May 15 - the day we go to get fingerprinted at Immigration (or USCIS). After having been delayed for over a month and a half with my "unreadable" fingerprints for our homestudy, we were set to get fingerprinted AGAIN (this time, though, for a different purpose). Immigration requires 2 sets of rejected prints before allowing you to give an affadavit. The process for checking the prints takes 4 weeks - so we were looking at a possible lengthy delay here as well. The interesting part is that the entity who checked my prints and deemed them unreadable, the FBI, was the same entity that processes the Immigration set of prints. We thought for sure that I would "fail" yet again. So, we contacted our U.S. Rep.'s office to lend a hand in expediting this process. To make a long story short ;0) our Rep.'s office found out for us that my prints were accepted 3 days after I was fingerprinted. Great news! All that was left was the wait for our Immigration approval form, which happened to be the very last piece of paperwork that we needed to supply before our dossier could be shipped to China.

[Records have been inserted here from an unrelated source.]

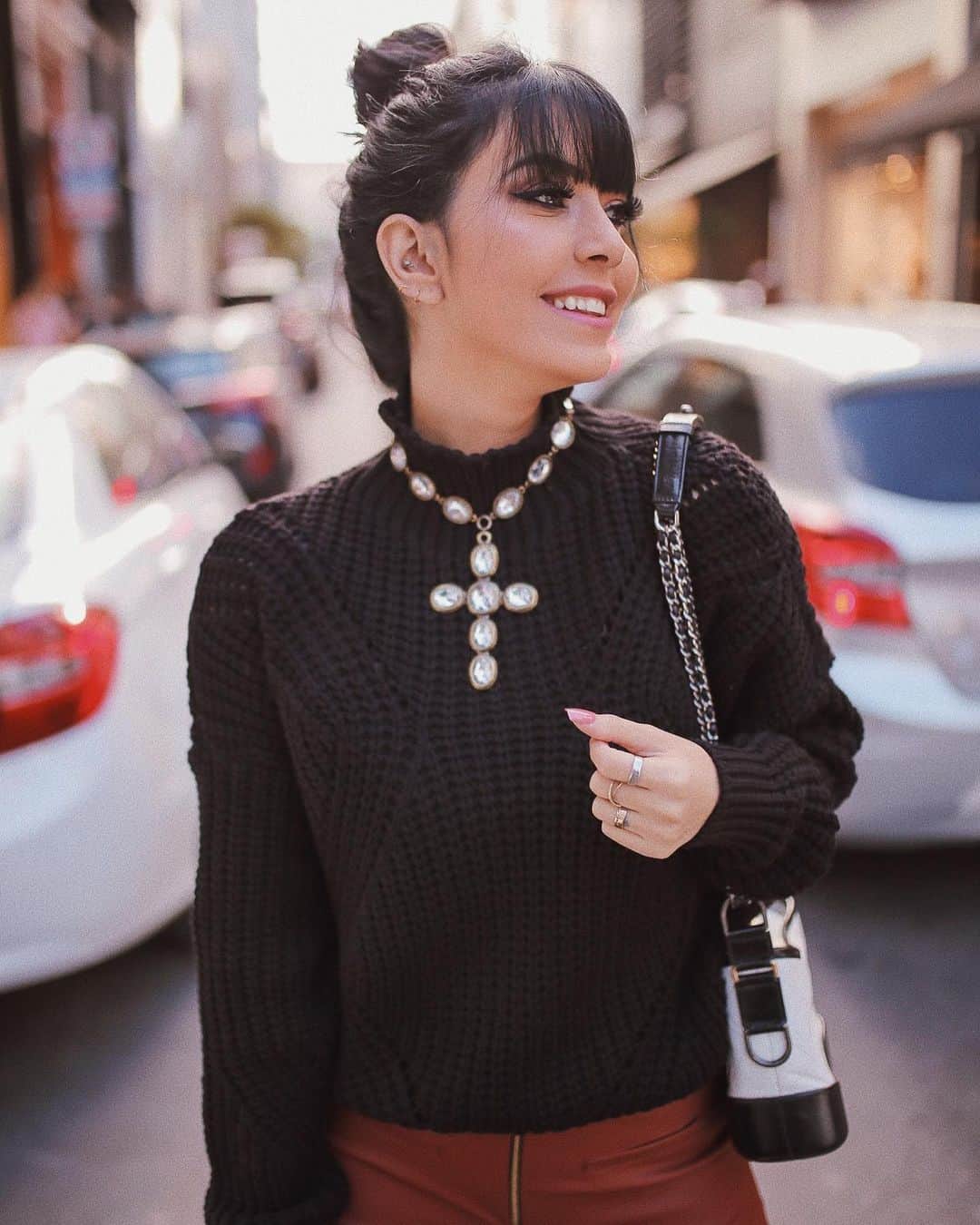 Gabriela Salesさんのインスタグラム写真 - (Gabriela SalesInstagram)「Fazendo a gringa no Gudi Retiro. Mais um de ontem do evento da @m.aclothes ❤️❤️❤️ O que acharam?」6月6日 9時17分 - ricademarre
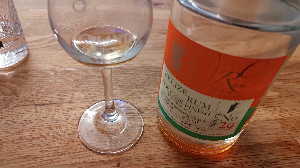 Photo of the rum Rumclub Private Selection Ed. 29 Belize Rum (DOK Cask Finish) taken from user Nivius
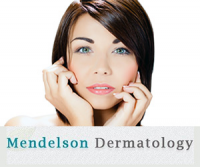 Mendelson Dermatology Logo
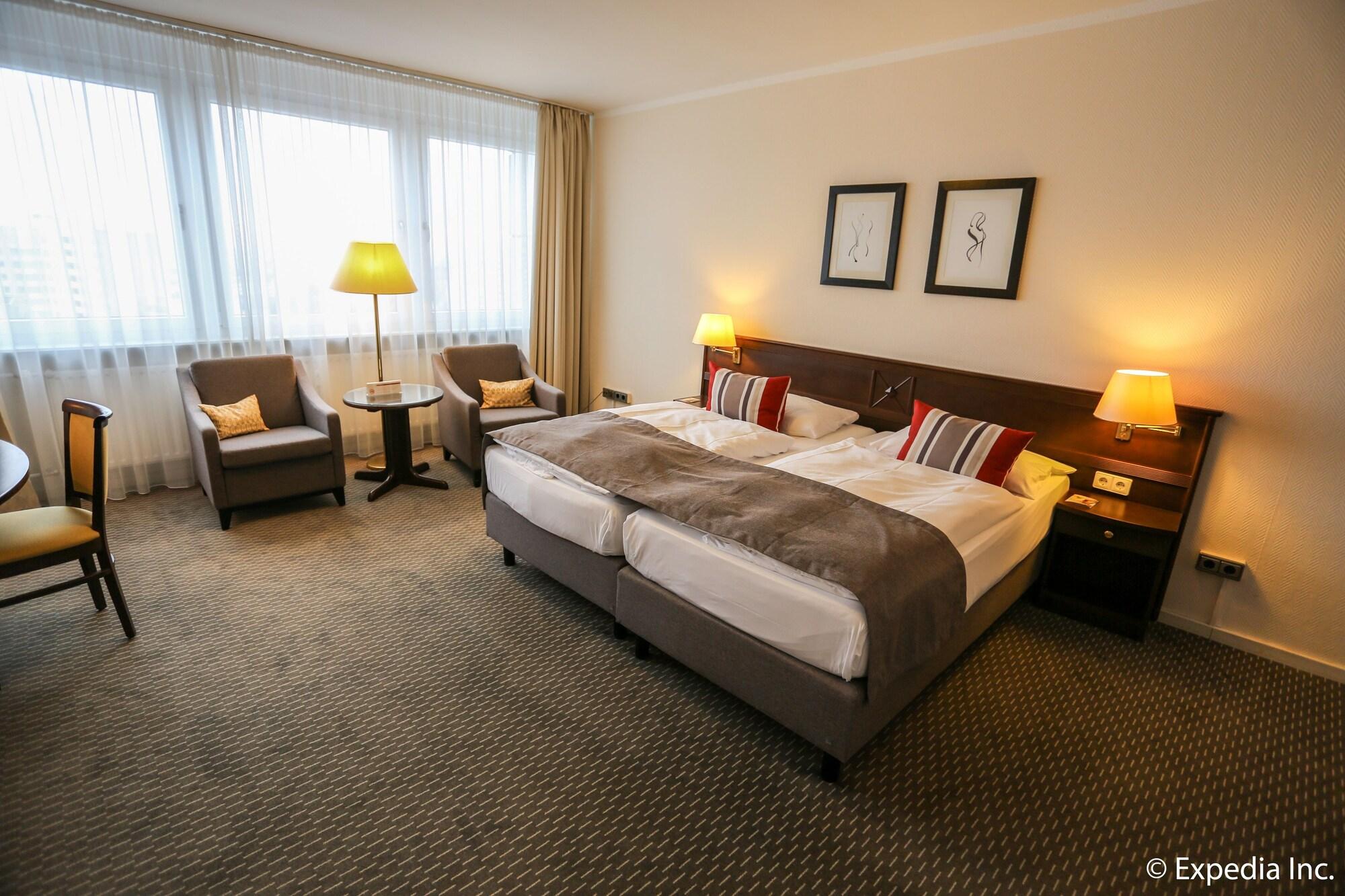 Hotel Sylter Hof 3*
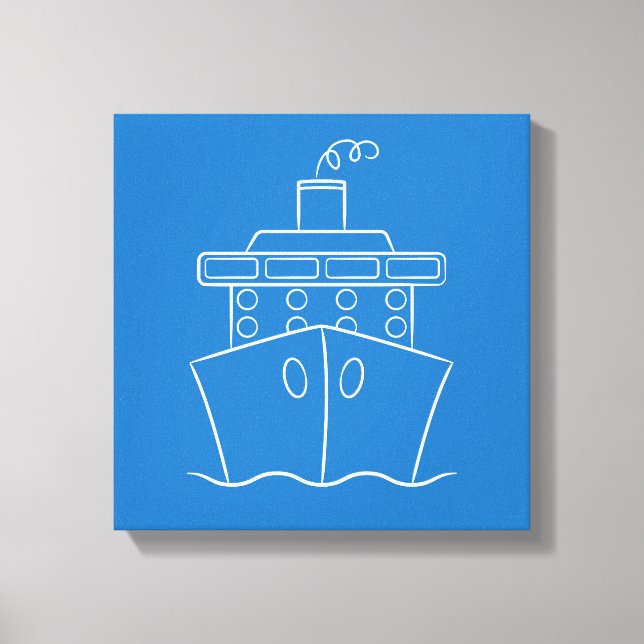 Lienzo Cruceros (Anverso)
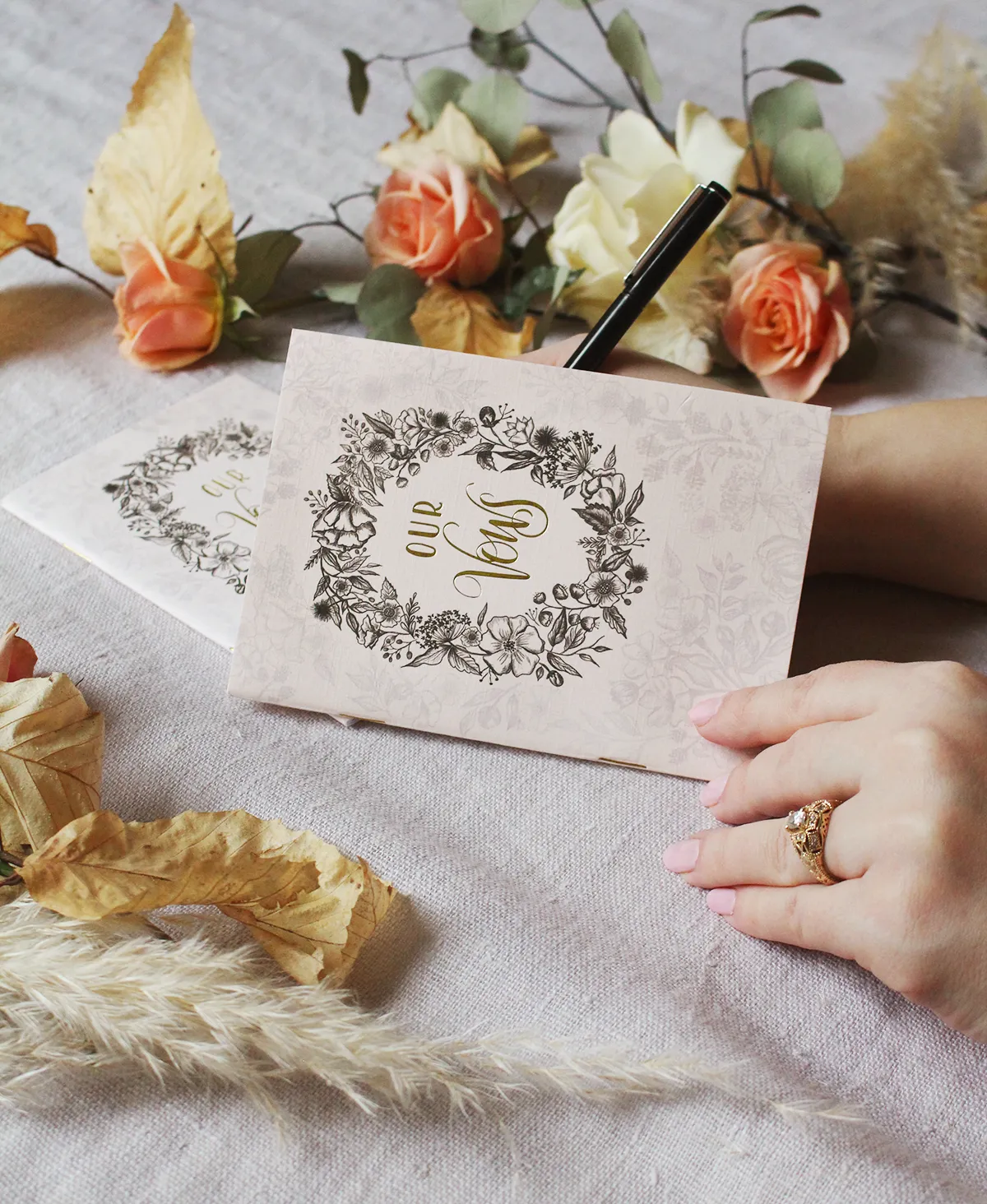 Vow Book Set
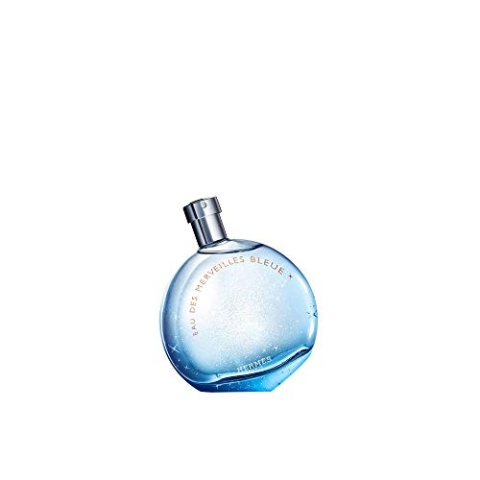HERMES Des Merveilles Bleue Edt Vapo 50 Ml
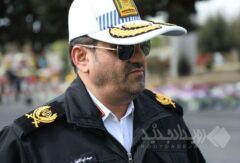 بیش از ۳۰۶ هزار خودرو بدلیل نداشتن گواهی معاینه فنی اعمال قانون شدند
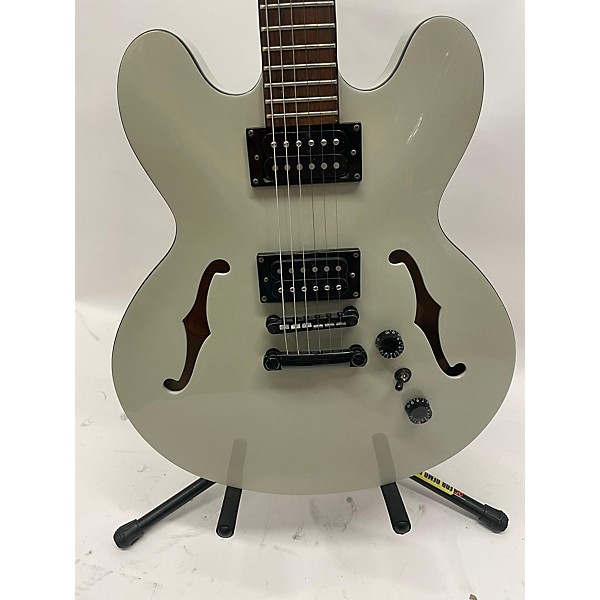 Used Epiphone Used Epiphone Dot Studio Alpine White Hollow Body Electric Guitar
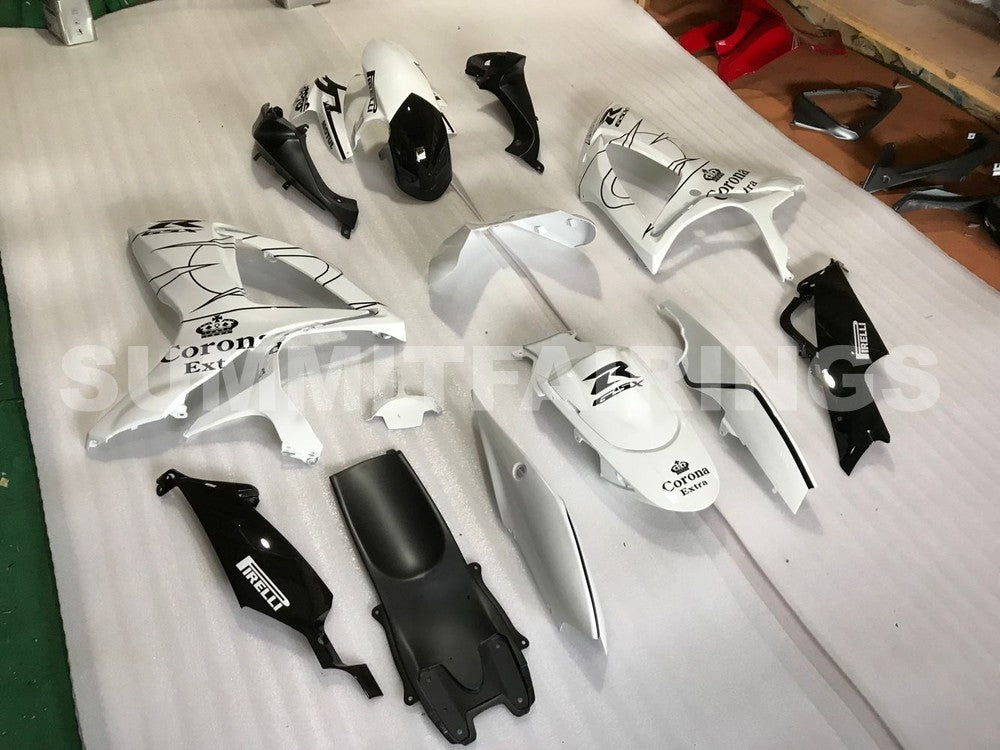 Fairings For Suzuki - GSXR600-750 K6 06-07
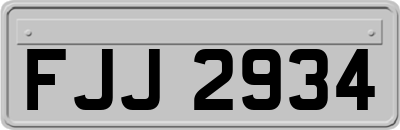 FJJ2934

Normally, receiving the approval form takes 4 weeks. Well, four weeks came and went. Not wanting to lose any more precious time, I tried, to no avail, to contact the Adoptions Unit to check on the status of our application. "All voice mails will be answered in 3 business days, but you will get a more prompt response to an e-mail enquiry," I was told. I left both. Nothing. I finally got a person on the phone - not the right department, mind you, but a live person none the less - who quickly told me that the (one and only) Adoptions Unit Immigration Officer retired and they were having trouble finding a replacement. Great. So, we called our U.S. Rep.'s office again, hoping that they could find out something for us. After 6 weeks, we received the form! Gosh, I bet you heard the screams of joy at your house, didn't you? You were just too polite to say anything about it.
Right now the last of the paperwork is being processed at a Consulate, and we have been told and are hoping that our dossier will go out on Jul 16. So, everyone then asks, "When do you think you'll be traveling?" Hmm. At this stage of the game, with the Olympics in Beijing and a week-long holiday the beginning of October, you're guess is as good as mine. Oh, yeah, remember that I told you that God has been faithful to uplift me during these trials of patience? Another family traveled to Lanzhou to get their little boy during the Immigration wait, and we were following them on their blog (something the kids and I like doing). One morning I log on to their site and am face to face with a nice big picture of Jack! The dad had made the trek to visit the orphanage and was kind enough to get that picture for us! Thank you, Andy and Trish! They also took a care package to Jack from us. I've learned that just as there is a bond between you and your adopted child - there is also a unique bond between adoptive families. We understand. We've been there and know what simple things, like a photo, actually mean to families huddled around their computer screen gazing at this person, who is still a stranger, yet a part of you ... a part of your family.